# Task prompt:
Complete, exact copies of all entries are needed.

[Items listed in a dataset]

Content starts

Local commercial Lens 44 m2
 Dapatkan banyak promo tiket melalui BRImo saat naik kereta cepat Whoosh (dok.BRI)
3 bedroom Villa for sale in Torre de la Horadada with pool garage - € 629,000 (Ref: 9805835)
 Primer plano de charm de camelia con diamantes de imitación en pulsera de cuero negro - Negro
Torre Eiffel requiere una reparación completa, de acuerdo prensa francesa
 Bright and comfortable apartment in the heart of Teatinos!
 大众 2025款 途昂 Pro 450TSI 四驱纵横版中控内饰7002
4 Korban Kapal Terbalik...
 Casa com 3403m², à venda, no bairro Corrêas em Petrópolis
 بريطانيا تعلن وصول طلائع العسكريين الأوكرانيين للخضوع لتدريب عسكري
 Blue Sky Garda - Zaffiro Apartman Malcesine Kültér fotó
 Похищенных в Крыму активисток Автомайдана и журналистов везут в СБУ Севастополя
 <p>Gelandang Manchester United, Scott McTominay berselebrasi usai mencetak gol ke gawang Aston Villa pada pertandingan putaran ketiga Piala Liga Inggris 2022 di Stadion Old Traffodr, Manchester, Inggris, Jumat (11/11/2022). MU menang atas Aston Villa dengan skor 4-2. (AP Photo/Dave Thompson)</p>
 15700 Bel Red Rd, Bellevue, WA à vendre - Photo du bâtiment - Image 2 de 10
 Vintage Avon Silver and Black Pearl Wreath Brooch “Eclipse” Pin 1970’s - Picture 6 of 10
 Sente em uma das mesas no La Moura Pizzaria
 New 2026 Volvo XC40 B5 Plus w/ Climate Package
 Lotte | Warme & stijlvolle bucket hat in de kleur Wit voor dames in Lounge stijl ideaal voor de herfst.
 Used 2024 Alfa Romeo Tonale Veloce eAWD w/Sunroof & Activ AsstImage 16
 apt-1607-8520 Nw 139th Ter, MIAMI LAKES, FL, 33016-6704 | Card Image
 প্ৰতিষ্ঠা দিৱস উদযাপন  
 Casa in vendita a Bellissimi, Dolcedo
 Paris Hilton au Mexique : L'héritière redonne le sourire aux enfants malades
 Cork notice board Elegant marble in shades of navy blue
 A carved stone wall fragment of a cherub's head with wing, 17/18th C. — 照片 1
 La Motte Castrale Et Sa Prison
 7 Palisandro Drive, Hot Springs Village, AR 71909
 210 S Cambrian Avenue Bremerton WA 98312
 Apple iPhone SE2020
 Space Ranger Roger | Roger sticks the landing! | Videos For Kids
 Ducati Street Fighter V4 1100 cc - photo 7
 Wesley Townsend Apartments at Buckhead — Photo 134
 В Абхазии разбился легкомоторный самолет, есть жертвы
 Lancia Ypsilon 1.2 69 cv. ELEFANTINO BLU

Content ends

# Written answer:
Local commercial Lens 44 m2
 Dapatkan banyak promo tiket melalui BRImo saat naik kereta cepat Whoosh (dok.BRI)
3 bedroom Villa for sale in Torre de la Horadada with pool garage - € 629,000 (Ref: 9805835)
 Primer plano de charm de camelia con diamantes de imitación en pulsera de cuero negro - Negro
Torre Eiffel requiere una reparación completa, de acuerdo prensa francesa
 Bright and comfortable apartment in the heart of Teatinos!
 大众 2025款 途昂 Pro 450TSI 四驱纵横版中控内饰7002
4 Korban Kapal Terbalik...
 Casa com 3403m², à venda, no bairro Corrêas em Petrópolis
 بريطانيا تعلن وصول طلائع العسكريين الأوكرانيين للخضوع لتدريب عسكري
 Blue Sky Garda - Zaffiro Apartman Malcesine Kültér fotó
 Похищенных в Крыму активисток Автомайдана и журналистов везут в СБУ Севастополя
 <p>Gelandang Manchester United, Scott McTominay berselebrasi usai mencetak gol ke gawang Aston Villa pada pertandingan putaran ketiga Piala Liga Inggris 2022 di Stadion Old Traffodr, Manchester, Inggris, Jumat (11/11/2022). MU menang atas Aston Villa dengan skor 4-2. (AP Photo/Dave Thompson)</p>
 15700 Bel Red Rd, Bellevue, WA à vendre - Photo du bâtiment - Image 2 de 10
 Vintage Avon Silver and Black Pearl Wreath Brooch “Eclipse” Pin 1970’s - Picture 6 of 10
 Sente em uma das mesas no La Moura Pizzaria
 New 2026 Volvo XC40 B5 Plus w/ Climate Package
 Lotte | Warme & stijlvolle bucket hat in de kleur Wit voor dames in Lounge stijl ideaal voor de herfst.
 Used 2024 Alfa Romeo Tonale Veloce eAWD w/Sunroof & Activ AsstImage 16
 apt-1607-8520 Nw 139th Ter, MIAMI LAKES, FL, 33016-6704 | Card Image
 প্ৰতিষ্ঠা দিৱস উদযাপন  
 Casa in vendita a Bellissimi, Dolcedo
 Paris Hilton au Mexique : L'héritière redonne le sourire aux enfants malades
 Cork notice board Elegant marble in shades of navy blue
 A carved stone wall fragment of a cherub's head with wing, 17/18th C. — 照片 1
 La Motte Castrale Et Sa Prison
 7 Palisandro Drive, Hot Springs Village, AR 71909
 210 S Cambrian Avenue Bremerton WA 98312
 Apple iPhone SE2020
 Space Ranger Roger | Roger sticks the landing! | Videos For Kids
 Ducati Street Fighter V4 1100 cc - photo 7
 Wesley Townsend Apartments at Buckhead — Photo 134
 В Абхазии разбился легкомоторный самолет, есть жертвы
 Lancia Ypsilon 1.2 69 cv. ELEFANTINO BLU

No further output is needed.